I’ve had a spate of running into people I know on the tube of late.
These are not people who I know well and who I would like to talk to.
These are people I have a vague association with and would rather not see, especially at 8.45am when I am quite clearly doing something that requires the kind of mammoth concentration that is not to be broken. Like applying make-up, napping or perhaps frantically dabbing coffee stains out of my top. (Why is a spillage always around the boob area? Specifically the nipple area? So I look like I’m touching myself up when I’m actually just clearing up?! Argh.)
It’s always people who I know vaguely because of an old job, or a friend of a friend of a friend, or that girl from uni who’s a right pain in the arse.
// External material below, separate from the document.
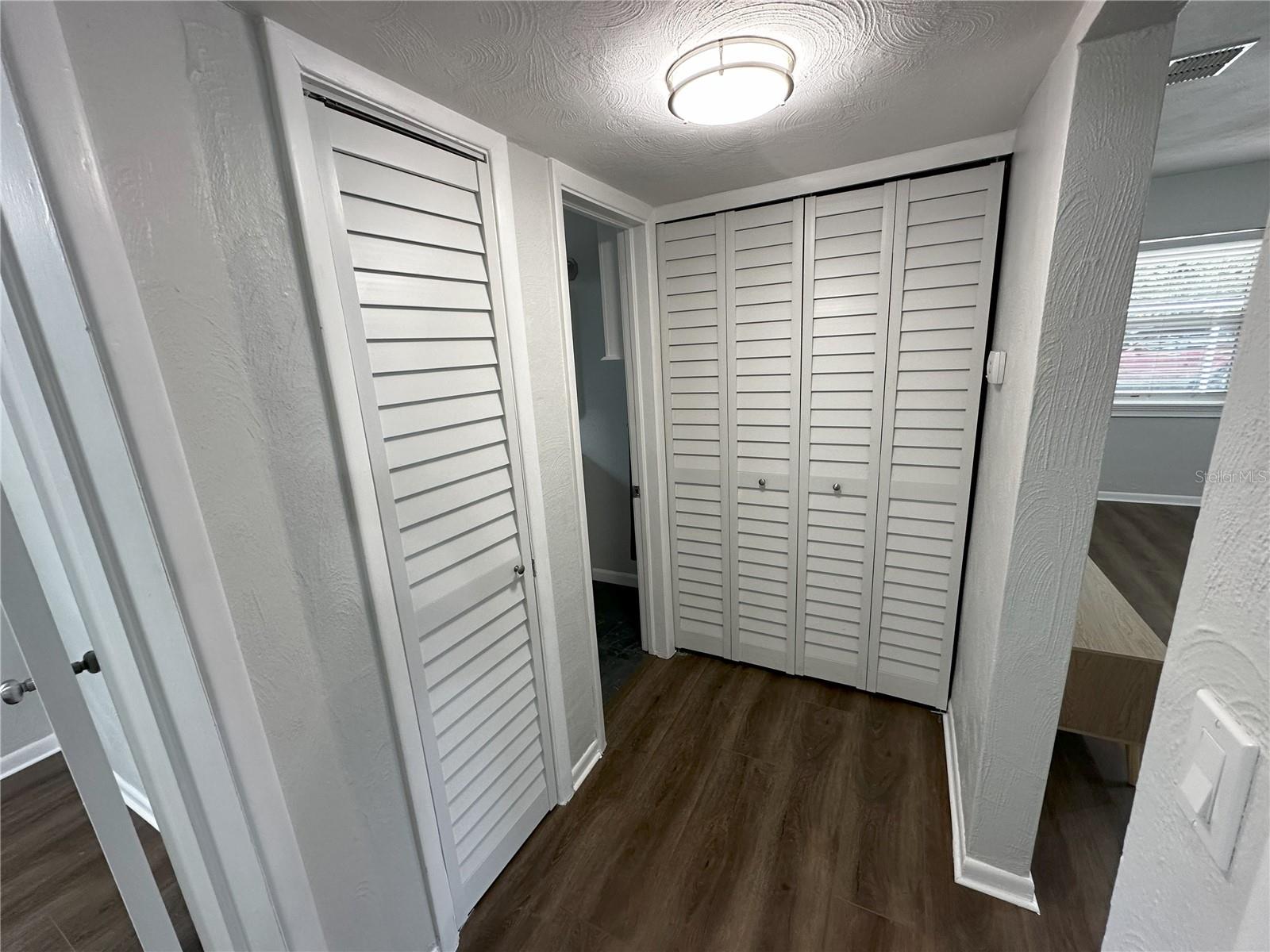 Image 28 of 39 For 906 Idlewild Avenue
I have nought to say to them: apart from the usual soul-destroying shared vague recounting of what someone you both vaguely know may or may not have done at a house party five years ago, that you have a vague recollection of being at.
So this morning, as the Victoria line burrowed its way ever deeper into the chest cavity of our capital, I decided to take a stand.
I peered cautiously over the top of my paper and caught sight of a kid who used to be a text jockey at my old company. He hadn’t seen me. So I gathered up my belongings and barged my way down the entire length of the carriage. No mean feat considering it was busier than Ulrika Johnson’s womb.
So, no awkward hello. No stilted conversation to be aborted at the first sign of an exit.
Also probably monumentally rude. But I can live with that. It’s mindless small talk with a virtual stranger that ruins me.